NEWS
In the third stage of the Chopin Competition, participants are required to perform a selected complete opus of mazurkas – their choice relatively often falls on Opus 33, written between 1836 and 1838. Chopin’s intriguing instructions regarding the nature and manner of performing two miniatures from this collection have survived. One of the composer’s most talented students, Princess Marcelina Czartoryska, spoke to Aleksander Michałowski about the third in the opus, the Mazurka in D major: ‘Despite her advanced years, Princess Czartoryska gave in to my pleas and played a few Mazurkas, among others the well-known Mazurka in D major. I was struck by the way she interpreted its main theme. At first, she played it in a brash, forthright way, with no subtlety of nuance. It was only towards the end of the piece, at the theme’s second appearance [bar 74 to the end], that she played it with a soft, caressing touch, utterly subtle and refined. When I asked her about this contrasting treatment, she replied that Chopin had taught it to her that way: in this piece he wanted to present the contrast between the “tavern” and the “salon”. That was why he wanted the same melody played so differently: at the beginning it was to evoke the popular atmosphere of the tavern, and, towards the end, the refinement of the salons…’

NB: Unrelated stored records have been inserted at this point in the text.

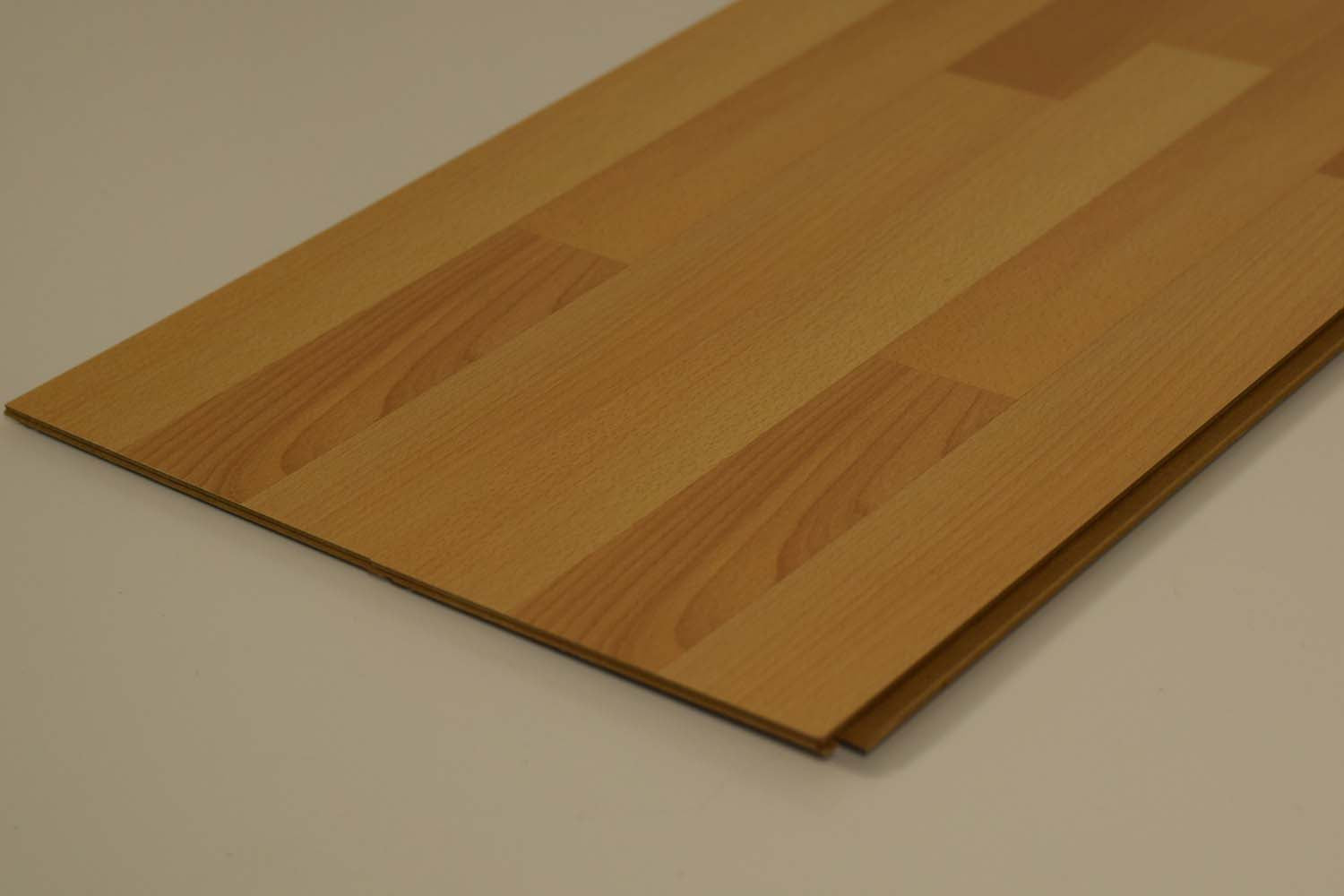 Berry Alloc Beech 3str 8mm Laminate Flooring (3030-2914) - Decoridea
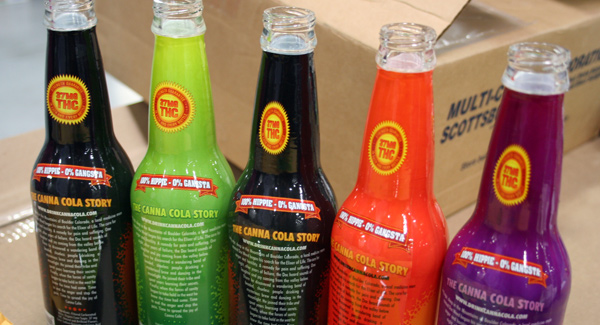 shrinkage labeler equipment for water bottles Distorsión de la manga retráctil del cuello de botella1.jpg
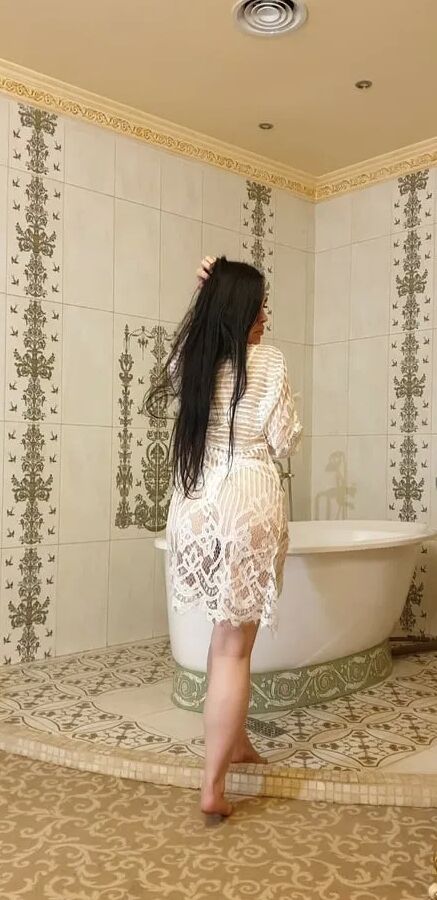Perfectly shaped teen takes a quick shower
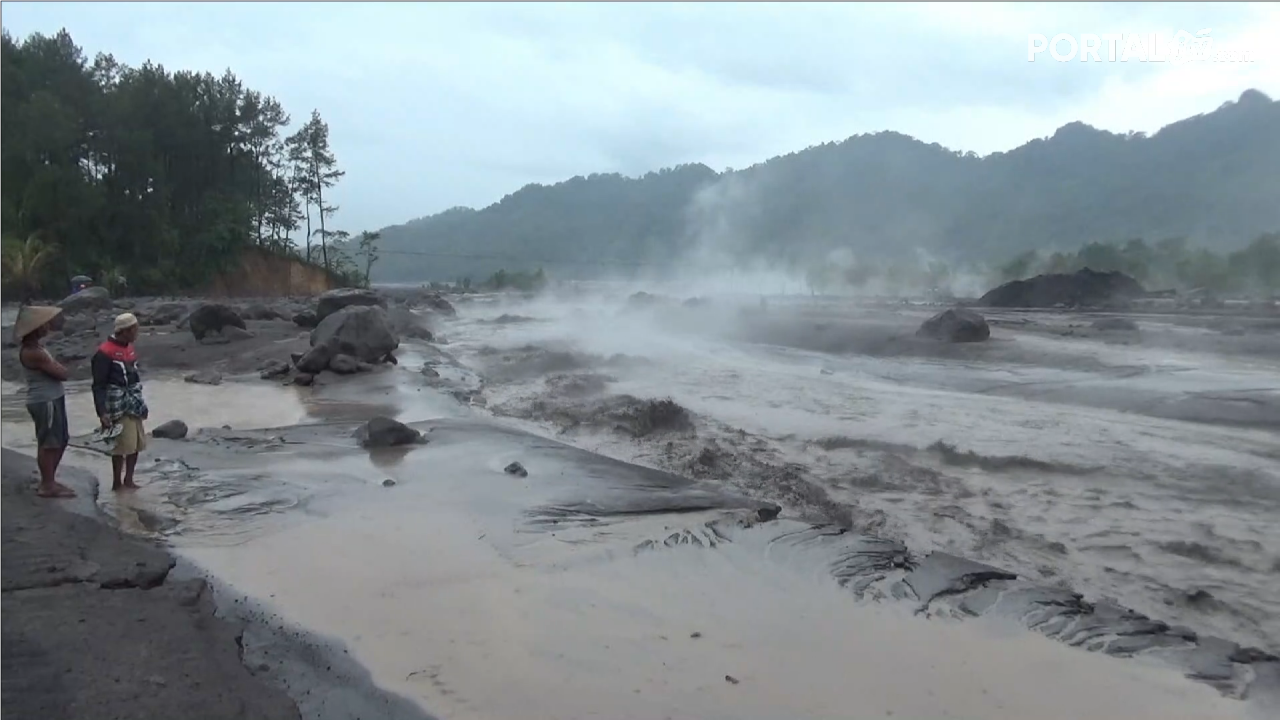 Puluhan Warga Terjebak Banjir Lahar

Whereas Wilhelm von Lenz made a very interesting note about the fourth mazurka, in the key of B minor: ‘This piece is a Ballade in all but name. Chopin himself taught it as such, stressing the narrative character of this highly developed piece, with its ravishing trio [B major: bars 129ff]. At the end a bell tolls a heavy bass carillon G–C–G–C – and the sudden arrival of the final chords sweeps away the cohort of ghosts, Chopin would say.’